Let $f:F_n\to F_m$ be an epimorphism ($n\geq m$). Then it is true that there is a basis $X=X_1\sqcup X_2$ in $F_n$ such that $f$ maps $\langle X_1\rangle$ isomorphically onto $F_m$, and maps $X_2$ to identity. One can probably deduce this statement from the Grushko-Neumann theorem, but somehow I cannot get an elegant proof of it.
I can see that by the Grushko-Neumann we can assume that $m=1$, and hence our epimorphism factors through the abelianization.
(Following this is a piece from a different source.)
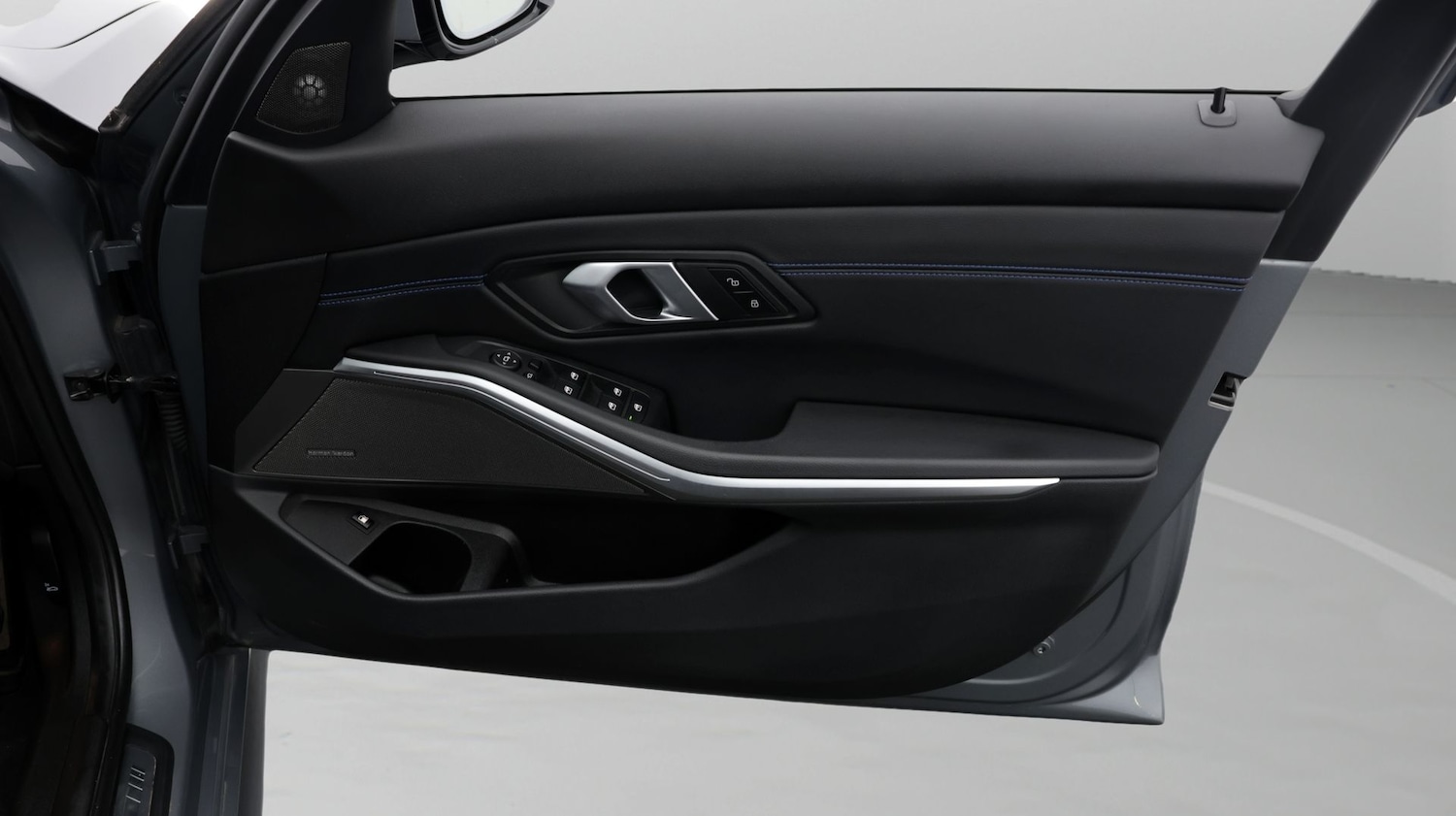 Used BMW 3 Series 2023 for sale - 77536352: Photo 15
And then an ugly linear algebra appears... Any suggestions how to make the proof slick?
I don't think you need Grushko-Neumann for this, you just need to know about the Nielsen reduction process.
Start with any (ordered) free generating set $Y = \{ y_1, y_2, \ldots, y_n \}$ of $F_n$ and then apply the Nielsen reduction process to the generating sequence $\phi(Y) = (\phi(y_1),\ldots,\phi(y_n))$ of the free group $F_m$. But carry out the reduction operations on $Y$ as well as $\phi(Y)$.
A t the end of the process you will have what you are looking for. The set $X_1$ will be the inverse image under $\phi$ of the resulting free generating set of $\phi(F)$, whereas $X_2$ will map onto the generators that get eliminated during the reduction process as being the identity element of $F_m$.